▶ [PROBLEM TO SOLVE]
With both ends included, repeat exactly the lines of the entries below from the one containing "Fiesta Cooler Bag" down to the one containing "Brake master cylinder", and no others.

Brief descriptive captions:
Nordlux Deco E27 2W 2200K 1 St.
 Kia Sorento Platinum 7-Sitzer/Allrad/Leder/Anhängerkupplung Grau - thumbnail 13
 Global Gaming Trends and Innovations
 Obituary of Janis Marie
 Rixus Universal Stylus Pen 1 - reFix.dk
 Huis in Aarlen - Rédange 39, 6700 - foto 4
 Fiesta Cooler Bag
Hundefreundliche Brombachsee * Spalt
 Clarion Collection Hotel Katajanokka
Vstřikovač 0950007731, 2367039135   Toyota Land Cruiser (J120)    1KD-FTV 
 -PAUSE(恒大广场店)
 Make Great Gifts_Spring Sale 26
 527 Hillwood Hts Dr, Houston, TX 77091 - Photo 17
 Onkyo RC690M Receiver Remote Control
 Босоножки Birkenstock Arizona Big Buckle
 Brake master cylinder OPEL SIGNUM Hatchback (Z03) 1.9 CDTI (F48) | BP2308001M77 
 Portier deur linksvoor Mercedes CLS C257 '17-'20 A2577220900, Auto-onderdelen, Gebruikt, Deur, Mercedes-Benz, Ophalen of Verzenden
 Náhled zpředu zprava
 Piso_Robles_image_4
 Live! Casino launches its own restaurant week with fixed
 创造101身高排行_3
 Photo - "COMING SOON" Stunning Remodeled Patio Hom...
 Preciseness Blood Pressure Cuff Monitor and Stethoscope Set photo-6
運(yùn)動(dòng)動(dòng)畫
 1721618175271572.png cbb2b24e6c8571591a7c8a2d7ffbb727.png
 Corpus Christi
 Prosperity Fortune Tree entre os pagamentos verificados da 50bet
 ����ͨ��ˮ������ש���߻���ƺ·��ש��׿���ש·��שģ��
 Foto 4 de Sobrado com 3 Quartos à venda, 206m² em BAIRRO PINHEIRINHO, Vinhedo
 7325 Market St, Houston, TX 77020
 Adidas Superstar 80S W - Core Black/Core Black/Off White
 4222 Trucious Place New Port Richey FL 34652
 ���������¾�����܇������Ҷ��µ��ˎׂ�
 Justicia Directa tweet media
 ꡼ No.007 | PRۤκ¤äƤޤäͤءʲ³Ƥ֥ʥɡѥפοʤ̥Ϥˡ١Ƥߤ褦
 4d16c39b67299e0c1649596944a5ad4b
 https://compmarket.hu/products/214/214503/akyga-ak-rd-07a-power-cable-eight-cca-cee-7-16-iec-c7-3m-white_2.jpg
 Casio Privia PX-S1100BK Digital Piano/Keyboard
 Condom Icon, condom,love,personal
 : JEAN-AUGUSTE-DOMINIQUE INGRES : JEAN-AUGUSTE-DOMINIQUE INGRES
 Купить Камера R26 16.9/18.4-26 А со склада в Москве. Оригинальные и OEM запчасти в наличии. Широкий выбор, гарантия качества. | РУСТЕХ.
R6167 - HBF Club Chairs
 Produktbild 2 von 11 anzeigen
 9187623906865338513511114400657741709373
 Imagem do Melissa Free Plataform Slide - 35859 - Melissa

▶ [SOLUTION TO THIS PROBLEM]
 Fiesta Cooler Bag
Hundefreundliche Brombachsee * Spalt
 Clarion Collection Hotel Katajanokka
Vstřikovač 0950007731, 2367039135   Toyota Land Cruiser (J120)    1KD-FTV 
 -PAUSE(恒大广场店)
 Make Great Gifts_Spring Sale 26
 527 Hillwood Hts Dr, Houston, TX 77091 - Photo 17
 Onkyo RC690M Receiver Remote Control
 Босоножки Birkenstock Arizona Big Buckle
 Brake master cylinder OPEL SIGNUM Hatchback (Z03) 1.9 CDTI (F48) | BP2308001M77 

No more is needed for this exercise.